* What you need to do *
Of all the lines below, return only those starting with the line holding "Bra Coffee Latte" and going on through the line holding "90s J.CREW Crewneck Sweater", exactly as written.

### Listed entries ###

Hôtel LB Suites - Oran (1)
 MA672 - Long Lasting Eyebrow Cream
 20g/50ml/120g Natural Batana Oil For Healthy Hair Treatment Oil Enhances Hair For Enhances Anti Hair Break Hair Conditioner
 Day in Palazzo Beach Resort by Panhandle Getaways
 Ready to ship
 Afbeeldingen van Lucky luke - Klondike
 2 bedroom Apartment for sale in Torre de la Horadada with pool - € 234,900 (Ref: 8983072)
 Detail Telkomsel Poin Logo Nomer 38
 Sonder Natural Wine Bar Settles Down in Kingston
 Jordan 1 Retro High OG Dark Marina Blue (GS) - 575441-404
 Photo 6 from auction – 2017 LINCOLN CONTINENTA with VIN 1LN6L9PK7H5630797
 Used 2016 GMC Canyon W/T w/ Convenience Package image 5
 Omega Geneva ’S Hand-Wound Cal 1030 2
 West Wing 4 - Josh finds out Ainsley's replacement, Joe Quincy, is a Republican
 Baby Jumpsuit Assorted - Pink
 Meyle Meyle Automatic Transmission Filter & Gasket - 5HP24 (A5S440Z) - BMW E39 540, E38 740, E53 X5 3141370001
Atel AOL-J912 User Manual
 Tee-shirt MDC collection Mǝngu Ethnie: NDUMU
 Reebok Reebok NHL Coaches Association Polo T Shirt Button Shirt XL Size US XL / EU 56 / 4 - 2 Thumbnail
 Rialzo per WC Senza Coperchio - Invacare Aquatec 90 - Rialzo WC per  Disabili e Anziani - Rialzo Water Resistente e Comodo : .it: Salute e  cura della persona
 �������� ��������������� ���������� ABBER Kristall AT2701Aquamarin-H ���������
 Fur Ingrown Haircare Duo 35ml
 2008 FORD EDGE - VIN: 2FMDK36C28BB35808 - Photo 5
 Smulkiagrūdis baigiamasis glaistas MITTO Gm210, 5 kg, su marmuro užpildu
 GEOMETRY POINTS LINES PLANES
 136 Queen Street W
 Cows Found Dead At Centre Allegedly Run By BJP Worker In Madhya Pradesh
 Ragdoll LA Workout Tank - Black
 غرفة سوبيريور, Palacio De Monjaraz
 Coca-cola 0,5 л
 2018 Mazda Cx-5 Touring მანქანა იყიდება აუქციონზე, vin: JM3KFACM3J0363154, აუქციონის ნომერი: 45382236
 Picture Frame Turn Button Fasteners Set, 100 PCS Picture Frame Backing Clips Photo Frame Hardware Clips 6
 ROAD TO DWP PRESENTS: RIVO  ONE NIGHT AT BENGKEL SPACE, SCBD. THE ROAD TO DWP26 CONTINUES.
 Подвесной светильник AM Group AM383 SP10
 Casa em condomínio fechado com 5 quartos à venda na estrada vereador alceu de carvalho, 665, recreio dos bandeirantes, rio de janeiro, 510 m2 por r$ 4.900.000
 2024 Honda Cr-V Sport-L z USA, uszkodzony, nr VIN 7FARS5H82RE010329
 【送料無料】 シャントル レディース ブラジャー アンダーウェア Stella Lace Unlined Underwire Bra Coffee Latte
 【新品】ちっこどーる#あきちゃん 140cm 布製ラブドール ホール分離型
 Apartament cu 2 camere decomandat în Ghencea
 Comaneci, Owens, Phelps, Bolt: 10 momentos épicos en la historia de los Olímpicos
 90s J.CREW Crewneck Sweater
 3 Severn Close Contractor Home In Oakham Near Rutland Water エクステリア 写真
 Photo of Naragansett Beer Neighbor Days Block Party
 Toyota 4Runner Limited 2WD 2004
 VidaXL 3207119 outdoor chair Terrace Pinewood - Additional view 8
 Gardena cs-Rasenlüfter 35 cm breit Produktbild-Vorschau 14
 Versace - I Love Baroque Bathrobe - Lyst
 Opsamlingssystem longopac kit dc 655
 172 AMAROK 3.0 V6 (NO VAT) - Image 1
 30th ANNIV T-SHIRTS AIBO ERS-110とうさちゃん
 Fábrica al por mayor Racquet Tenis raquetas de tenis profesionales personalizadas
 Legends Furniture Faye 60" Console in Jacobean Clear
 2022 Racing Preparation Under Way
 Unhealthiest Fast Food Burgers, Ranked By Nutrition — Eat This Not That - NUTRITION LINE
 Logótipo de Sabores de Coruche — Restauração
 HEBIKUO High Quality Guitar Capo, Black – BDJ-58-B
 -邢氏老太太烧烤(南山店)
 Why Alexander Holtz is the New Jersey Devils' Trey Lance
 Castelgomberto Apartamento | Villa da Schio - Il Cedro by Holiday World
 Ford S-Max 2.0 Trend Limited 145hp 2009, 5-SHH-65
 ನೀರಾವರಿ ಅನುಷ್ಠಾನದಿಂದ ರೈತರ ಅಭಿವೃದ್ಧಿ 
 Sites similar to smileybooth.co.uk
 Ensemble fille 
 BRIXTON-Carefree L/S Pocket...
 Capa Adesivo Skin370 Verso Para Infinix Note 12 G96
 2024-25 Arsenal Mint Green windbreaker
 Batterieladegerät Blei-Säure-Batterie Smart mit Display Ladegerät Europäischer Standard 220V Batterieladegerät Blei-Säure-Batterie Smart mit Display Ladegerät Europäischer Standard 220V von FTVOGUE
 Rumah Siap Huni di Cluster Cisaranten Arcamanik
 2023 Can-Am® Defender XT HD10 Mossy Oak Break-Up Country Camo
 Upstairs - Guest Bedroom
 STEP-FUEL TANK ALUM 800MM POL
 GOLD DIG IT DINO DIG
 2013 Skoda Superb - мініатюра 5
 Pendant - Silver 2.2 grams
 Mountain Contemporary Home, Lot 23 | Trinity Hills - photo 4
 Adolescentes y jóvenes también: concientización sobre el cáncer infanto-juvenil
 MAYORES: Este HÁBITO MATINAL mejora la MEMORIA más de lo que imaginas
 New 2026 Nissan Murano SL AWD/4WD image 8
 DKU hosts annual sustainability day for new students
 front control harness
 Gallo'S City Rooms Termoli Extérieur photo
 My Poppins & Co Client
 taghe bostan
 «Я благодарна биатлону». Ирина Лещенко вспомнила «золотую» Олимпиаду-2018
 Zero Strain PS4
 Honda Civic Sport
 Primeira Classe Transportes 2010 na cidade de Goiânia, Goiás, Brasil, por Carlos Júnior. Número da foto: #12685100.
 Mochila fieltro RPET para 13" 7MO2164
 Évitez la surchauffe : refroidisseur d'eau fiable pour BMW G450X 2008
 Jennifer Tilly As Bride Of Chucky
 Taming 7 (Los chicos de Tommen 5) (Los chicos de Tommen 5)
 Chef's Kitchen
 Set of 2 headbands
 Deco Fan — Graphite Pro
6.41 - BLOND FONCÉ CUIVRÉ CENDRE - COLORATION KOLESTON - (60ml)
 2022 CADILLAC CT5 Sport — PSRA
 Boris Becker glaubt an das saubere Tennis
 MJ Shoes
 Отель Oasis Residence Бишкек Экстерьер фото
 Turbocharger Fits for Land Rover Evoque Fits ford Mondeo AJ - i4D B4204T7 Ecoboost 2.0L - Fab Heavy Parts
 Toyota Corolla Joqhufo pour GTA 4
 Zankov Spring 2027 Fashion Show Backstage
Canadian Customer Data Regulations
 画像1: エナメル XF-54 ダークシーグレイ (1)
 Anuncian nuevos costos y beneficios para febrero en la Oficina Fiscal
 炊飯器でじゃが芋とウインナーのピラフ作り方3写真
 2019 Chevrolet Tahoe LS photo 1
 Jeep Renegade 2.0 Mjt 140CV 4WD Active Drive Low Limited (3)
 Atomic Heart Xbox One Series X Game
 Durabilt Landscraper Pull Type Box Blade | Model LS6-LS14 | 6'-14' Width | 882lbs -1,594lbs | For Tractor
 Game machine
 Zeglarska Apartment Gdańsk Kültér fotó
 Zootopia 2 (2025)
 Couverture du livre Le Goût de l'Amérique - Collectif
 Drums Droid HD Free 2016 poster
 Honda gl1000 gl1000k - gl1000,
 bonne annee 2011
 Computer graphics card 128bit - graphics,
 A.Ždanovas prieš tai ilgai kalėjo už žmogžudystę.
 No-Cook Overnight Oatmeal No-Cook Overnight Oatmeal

###

* Task output *
 【送料無料】 シャントル レディース ブラジャー アンダーウェア Stella Lace Unlined Underwire Bra Coffee Latte
 【新品】ちっこどーる#あきちゃん 140cm 布製ラブドール ホール分離型
 Apartament cu 2 camere decomandat în Ghencea
 Comaneci, Owens, Phelps, Bolt: 10 momentos épicos en la historia de los Olímpicos
 90s J.CREW Crewneck Sweater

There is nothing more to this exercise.